Schließlich hat jede Wirkung eine Ursache und jede Ursache ist wiederum die Wirkung einer zeitlich vor ihr liegenden Ursache und so kann man zurückgehen bis zum Urknall.
Ein Unrecht wird nicht durch ein ihm vorausgehendes Unrecht entschuldbar.
Selbst die FAZ spricht von deutschem Opferstolz und das man die Ursachen der Vertreibung doch nicht vergessen solle.
Doch wo bitte liegt der kasuale Zusammenhang zwischen Holocaust, Krieg und der Vertreibung von 16 Mio. sowie der Ermordung von ca. 3 Mio. Deutschen aus ihrer Heimat.

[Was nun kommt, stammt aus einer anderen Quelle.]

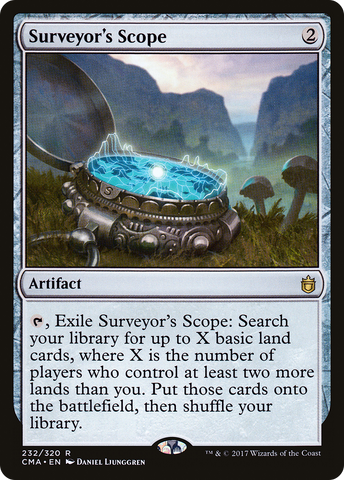 Surveyor's Scope (CMA-232)  - Commander Anthology
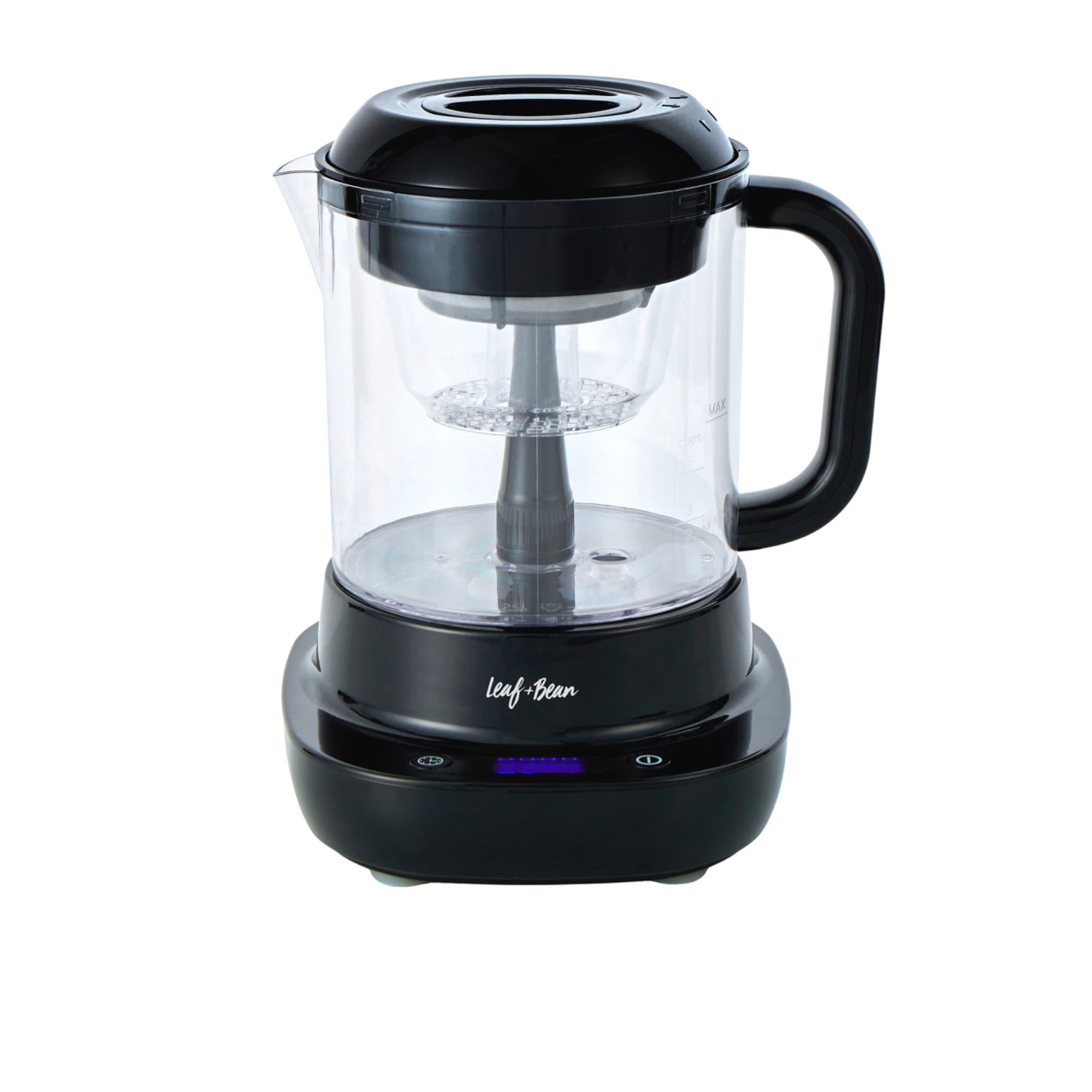 Leaf & Bean Cold Brew Coffee Maker 1L Black - Cart slider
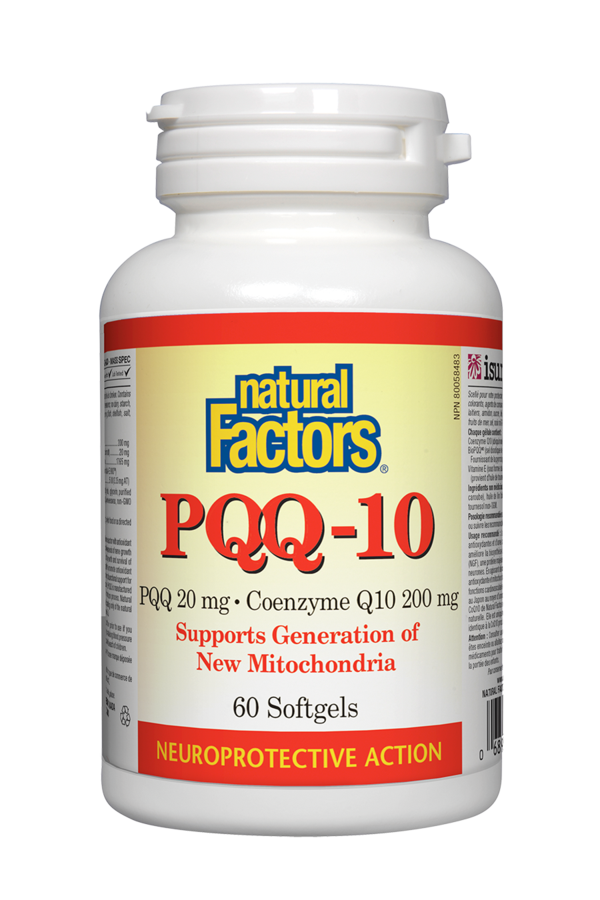 Natural Factors PQQ-10 60s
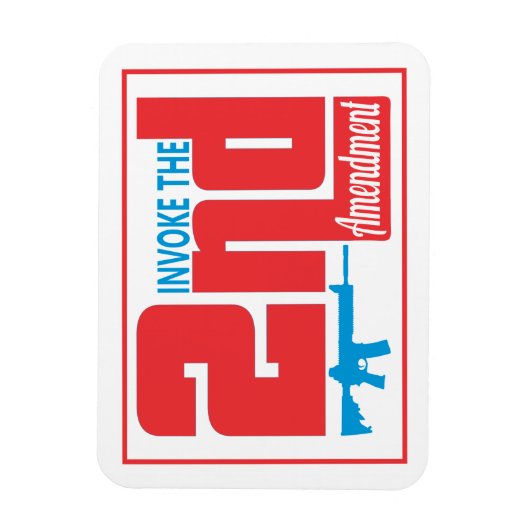 Roep de 2e - Magneet (Verticaal)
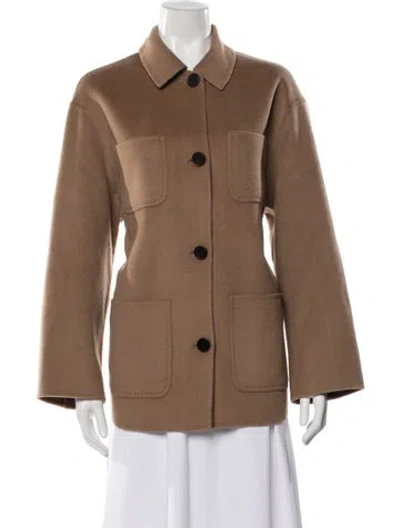 Pre-owned Kule Wool Jacket In Brown
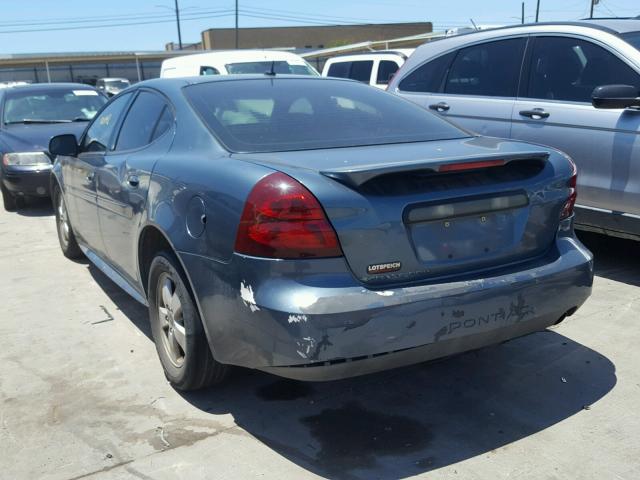 2G2WP552X61240607 - 2006 PONTIAC GRAND PRIX BLUE photo 3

Für die Verbrechen der tschechischen, polnischen und sowjetischen Nationalisten gibt es einen kausalen Zusammenhang oder Entschuldigung.
Wer einen solchen konstruiert, spielt nur den Tätern von damals in die Hände.
Unsere Eltern, die ganze ältere Vertriebenengeneration, die aus Abertham, b. Neudek, im Sudetenland, während u. nach dem II.W.K. von Tschechen unter Benes offiziell vertrieben wurde, so wie die allermeisten der 16 Millionen Reichsvertriebenen werden ein "Denkmal" zu ihrem Schicksal nicht mehr erlebt haben. Sie sind längst schon weit von ihrer Heimat begraben.
Sie durften sich nicht öffentlich daran erinnern, an ihr Leben zu Hause, denn über Vertreibung zu sprechen, könnte die Verantwortlichen der Vertreibung stören. So hiess es. Aber uns hat es auch gestört zu schweigen. Als Kind der Vertreibung aus dem Sudetenland, wäre ein sichtbares Zeichen in Berlin, dass an die Nachkriegsvertreibungen, als die Diktatur in Europa anscheinend beendet war, für alle Vertriebene, Deutsche u. die Vertriebenen der Nachbarländer, das erste Zeichen, dass man offen über diese ungesühnte Tragödie sprechen darf. Das würde zum ersten Mal etwas Courage zeigen, etwas Ehre.